Review

‘Bullet Train’ Review: All Aboard for a Bloody (Mostly) Good Time

It’s rare, but sometimes a trailer depicts a film for exactly what it is.

“Bullet Train” is based off the Japanese novel of the same name, and stars Brad Pitt as an unlucky American assassin who gets caught up in a conspiracy aboard a moving Shinkansen (or, “bullet train”). Joey King, Aaron Taylor-Johnson, Brian Tyree Henry, Andrew Koji, Hiroyuki Sanada, Michael Shannon, Benito A Martínez Ocasio, and Sandra Bullock also star while David Leitch (Pitt’s former stunt double) directs.

It’s incredibly unlikely that you haven’t seen a trailer for this film, because the first one dropped in March and has subsequently played before every new release in the five months since. The ads promised wacky characters, quick one-liners, and over-the-top violence, and for better or worse that’s exactly what “Bullet Train” gives you.

I’m pretty agnostic to Brad Pitt as an actor (he’s great in things like “Moneyball” but I don’t seek out his films like I do a DiCaprio or Denzel). That being said, I love his comedic roles, like in “True Romance,” “Burn After Reading,” or this year’s “The Lost City” (which starred Sandra Bullock, who has a voice role here). Pitt has some light-hearted moments of banter and holds his own in the stunt department (doing a very respectable and Tom Cruise-worthy 95% of them), and it’s fun to see movie stars still doing movie star things.

Most of the rest of the cast are glorified cameos, though Aaron Taylor-Johnson and Brian Tyree Henry stand out as “The Twins,” a pair of assassins who give Pitt trouble on the train. Taylor-Johnson and Henry share some good back-and-forth chemistry and cheeky attitudes, and I wouldn’t mind getting an origin story with the two about their other missions.

The action is mostly pretty solid, as to be expected from a David Leitch film (he co-directed the first “John Wick”). As a career stuntman Leitch knows how to frame and choreograph fight sequences, and make them both brutal and entertaining. There are several kills here that are so over-the-top I couldn’t help but get giddy in my chair.
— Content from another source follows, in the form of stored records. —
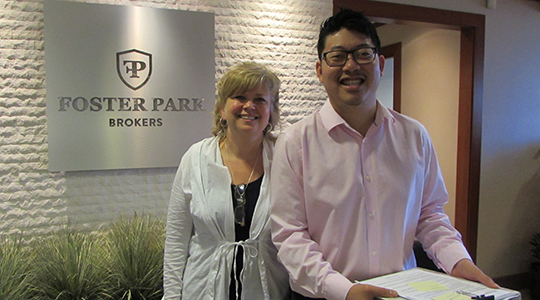 Peter Lee stands in the front lobby of Foster Park Brokers with a colleague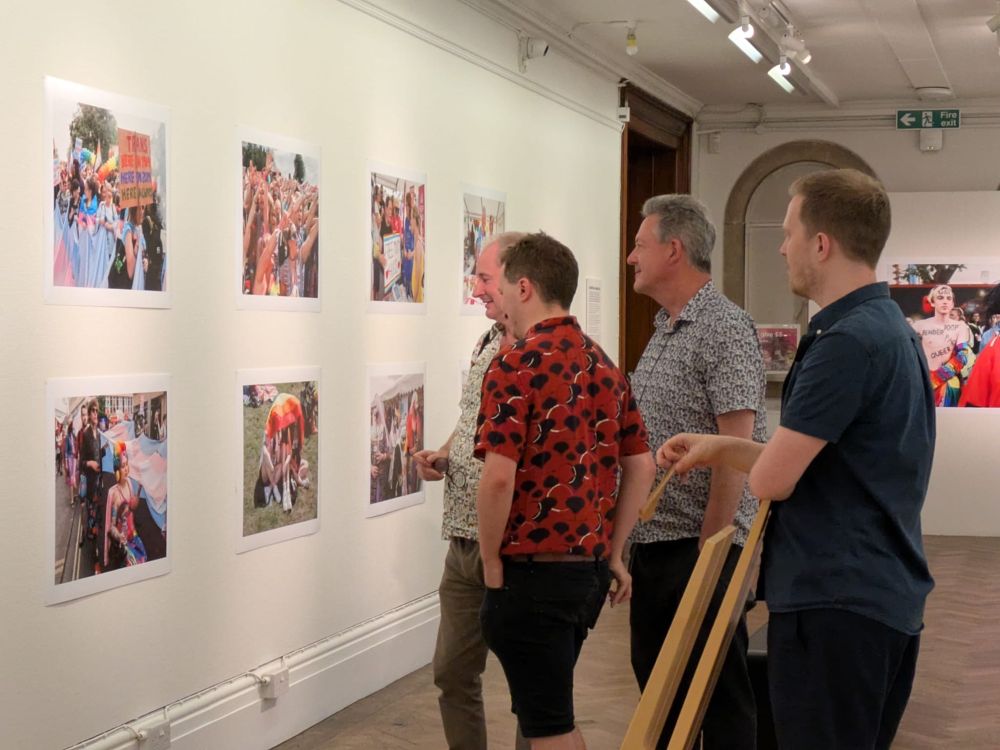 Hue and Stephen looking at the Martin Parr exhibition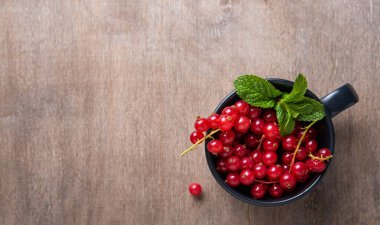 Kahverengi ahşap arka planda naneli taze kırmızı frenk üzümü.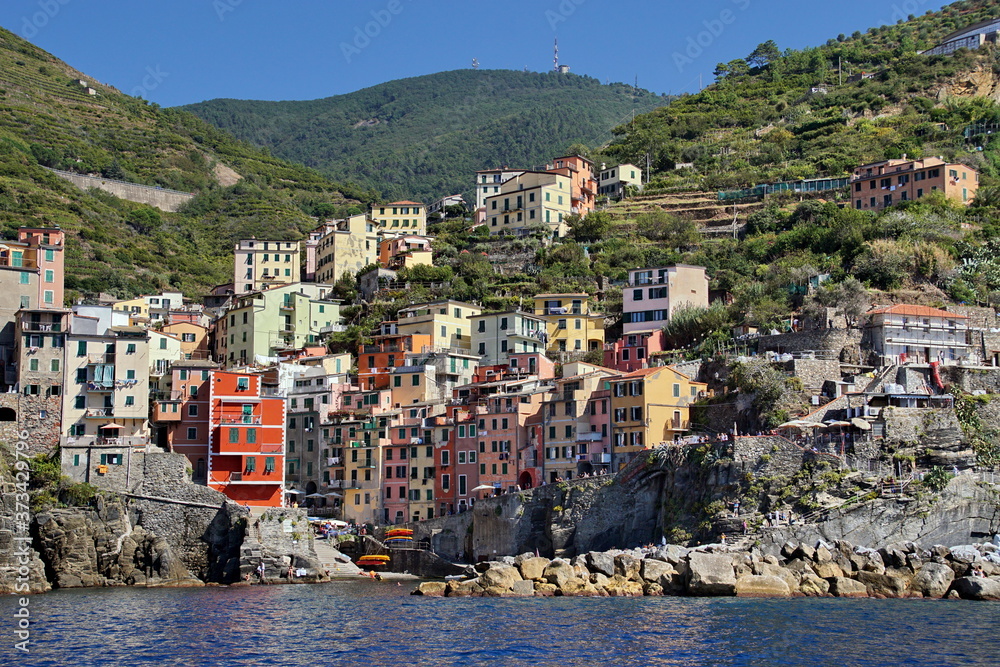 Riomaggiore is an ancient village with colorful houses and a small port, one of the Cique Terre sequence of hill cities on the Mediterranean sea coast in Liguria, Italy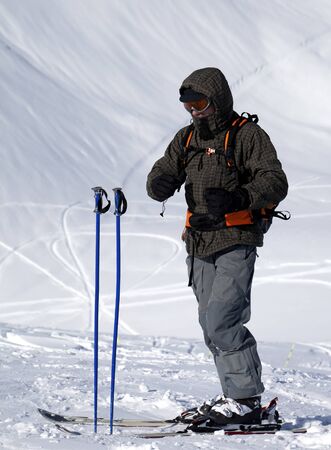 Skier on top mountain and snowy ski slope for freeriding at background. Caucasus Mountains. Georgia, region Gudauri in winter.の写真素材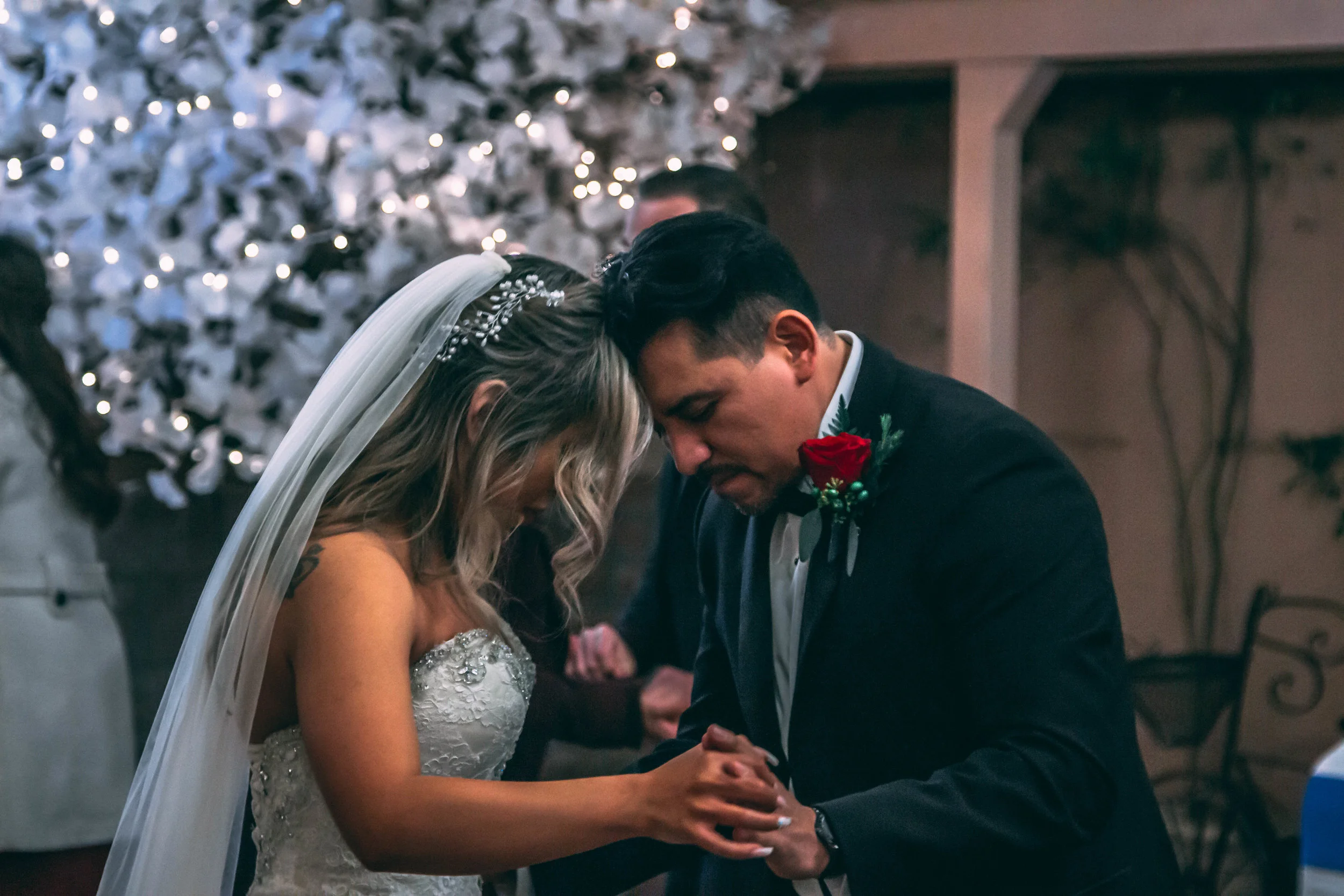 Intimate portrait of a groom presenting a rose to his bride, weIntimate portrait of a bride and groom holding hands under string lights, wedding photography by Everlux Photo Co.dding photography by Everlux Photo Co.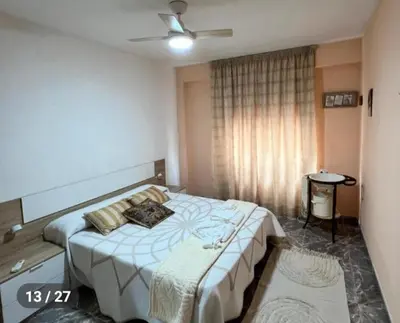 a bedroom with a large bed in a room at Apartamento en la Sierra Espadan in Artana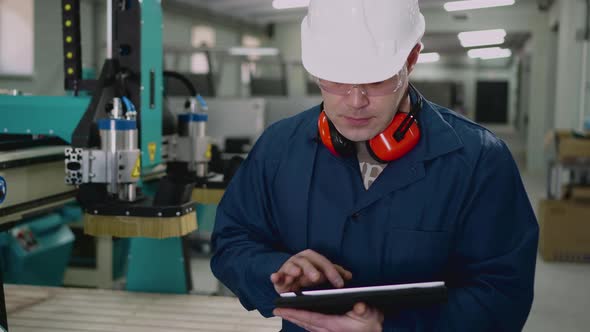 A Male Factory Worker Uses a Tablet in the Workshop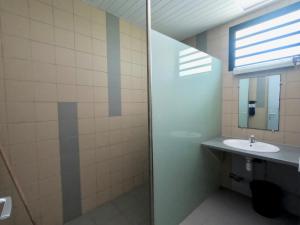 a bathroom with a sink and a shower at Auberge de Poé in Bourail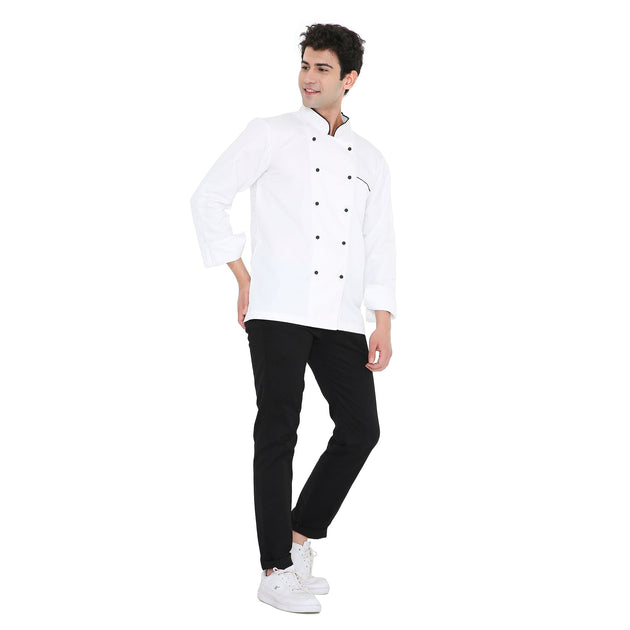 Model wearing a Classic Full Sleeve Chef Coat in white with black pants, showcasing durability and style for culinary professionals.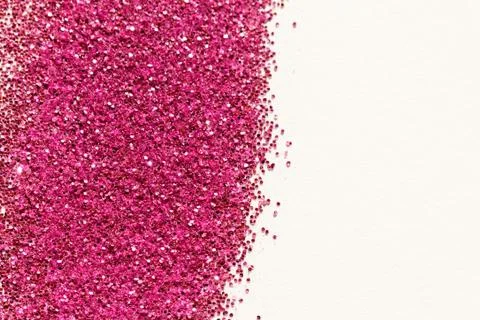 Pink glitter on light background - macro photo Stock Photos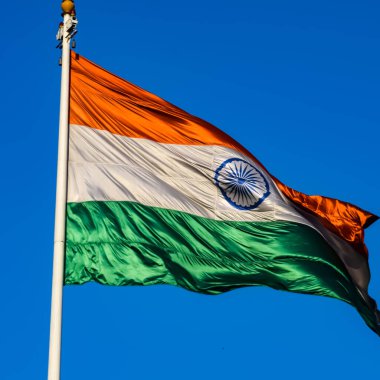 India flag flying high at Connaught Place with pride with plain white background, India flag fluttering, Indian Flag on Independence Day and Republic Day of India, tilt up shot, Har Ghar Tiranga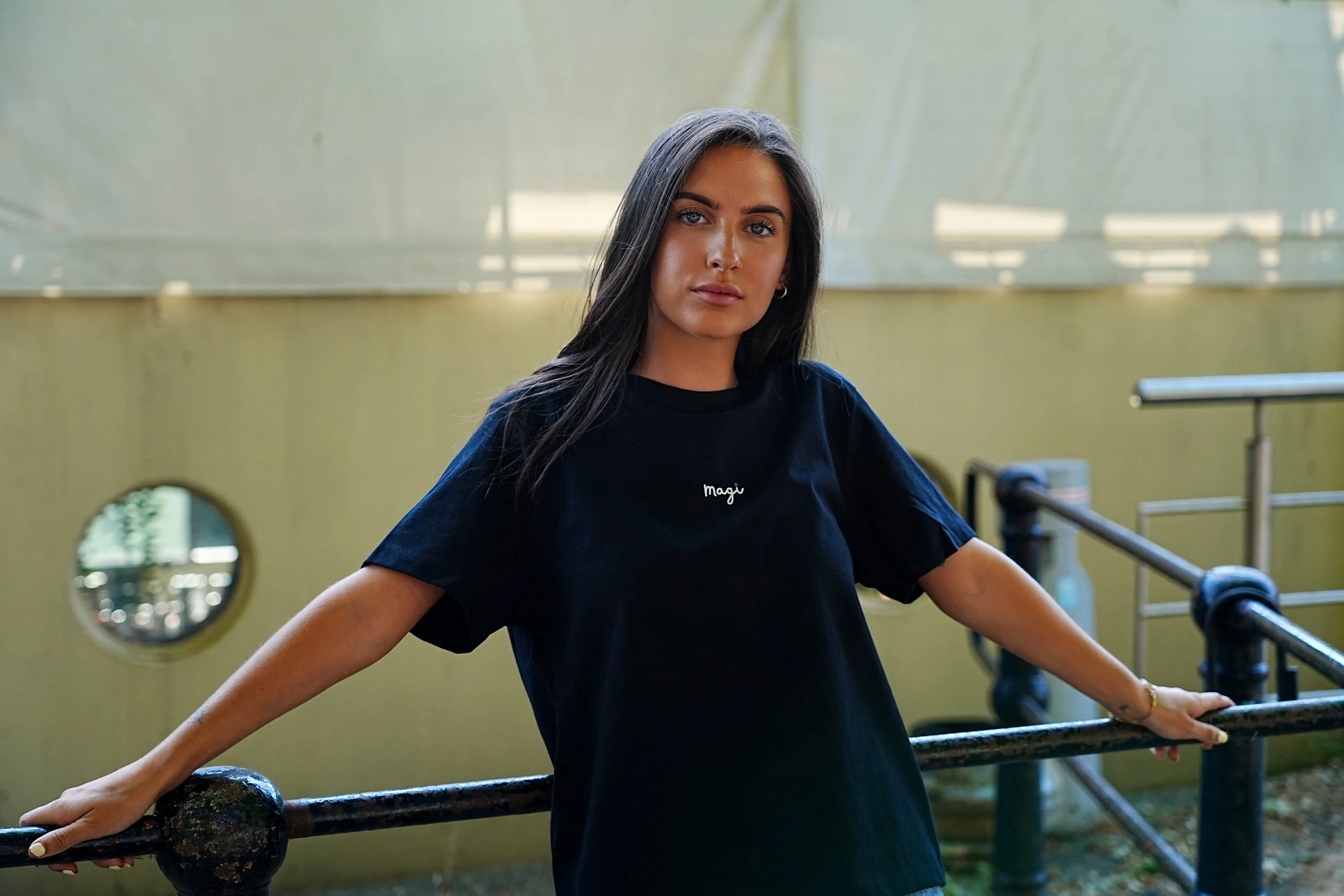 Young woman with long dark hair and light skin leaning on a railing outdoors, wearing a black T-shirt with the word 'Magi' written on it, in front of a yellow building with a circular window. This is a very cool way to show a welsh language clothing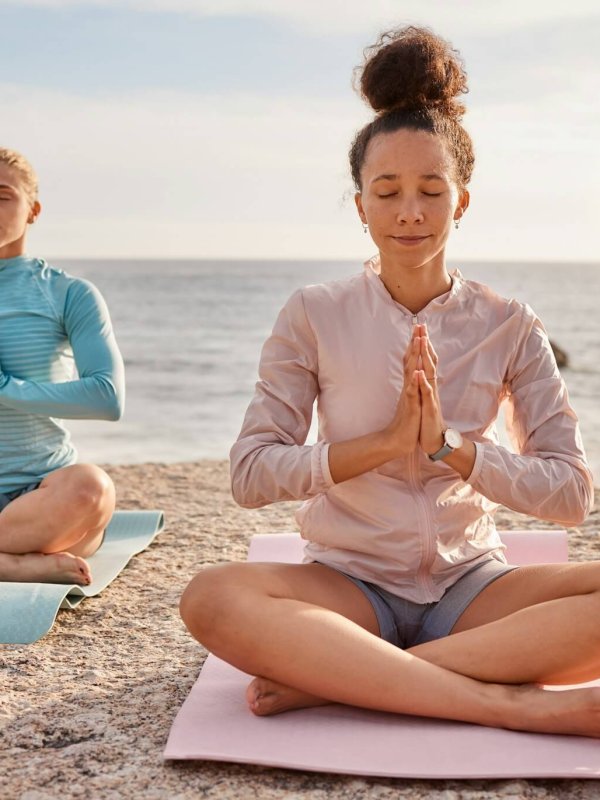 Yoga, meditation and friends outdoor on a beach together for mental health or wellness in summer. E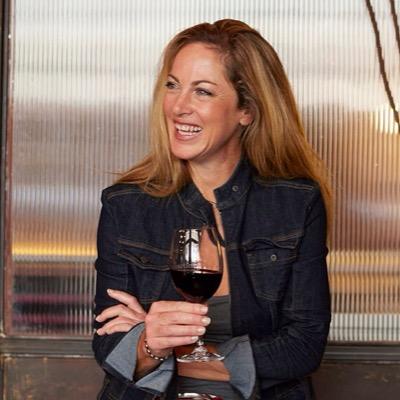 Rose Jordaan with a glass of red wine
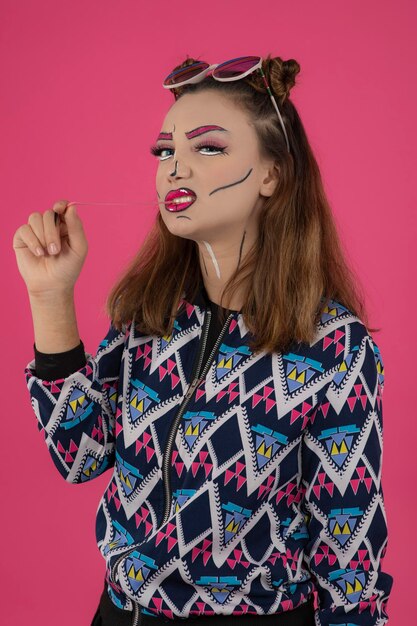 Feche o retrato de jovem usando maquiagem criativa e olhando para a câmera enquanto masca chiclete. Foto de alta qualidade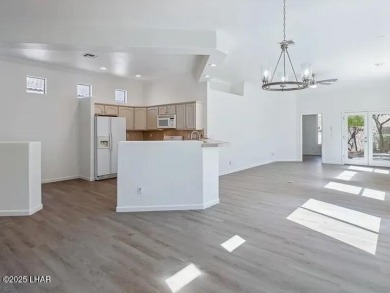 Experience the perfect blend of modern comfort and resort-style on Laughlin Ranch Golf Club in Arizona - for sale on GolfHomes.com, golf home, golf lot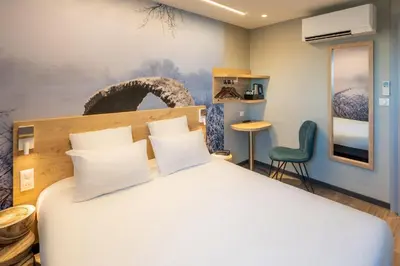 Un ou plusieurs lits dans un hébergement de l'établissement Sure Hotel by Best Western Dole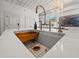 Close-up of a kitchen sink with a unique design and modern fixtures at 4 Beaufain St # 207, Charleston, SC 29401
The biggest issue with the film, however, is the same one that plagues every one of Leitch’s other projects, and that’s that the narrative runs out steam about 30 minutes before the film actually ends. Whether it be “Atomic Blonde,” “Deadpool 2,” or “Hobbs and Shaw,” Leitch seems to blow both his budget and his good will in the first two acts before limping to the finish. This results in a climax that is noticeably cheaper looking (this film cost $90 million and until the final fight looks better than the $250 million “Thor: Love & Thunder”) and leaves you with the classic “this would’ve been a perfect 100-minute movie” thought. The film also does the thing I hate where it has characters recap things the audience already knows, or shows flashbacks in case you were too dumb to catch details the first time around.

Despite my issue with the film’s clock management, the pacing and tone are both fairly consistent throughout and audiences who love to see big name actors fight on a modern locomotive soaked in neon lights should get their jollies. I’m going to give “Bullet Train” a 6, which may seem too low because I mostly had nothing but good things to say about it, but I’ve said it once and I’ll say it again: what’s a rating but a subjective summarization of a detailed review you just read?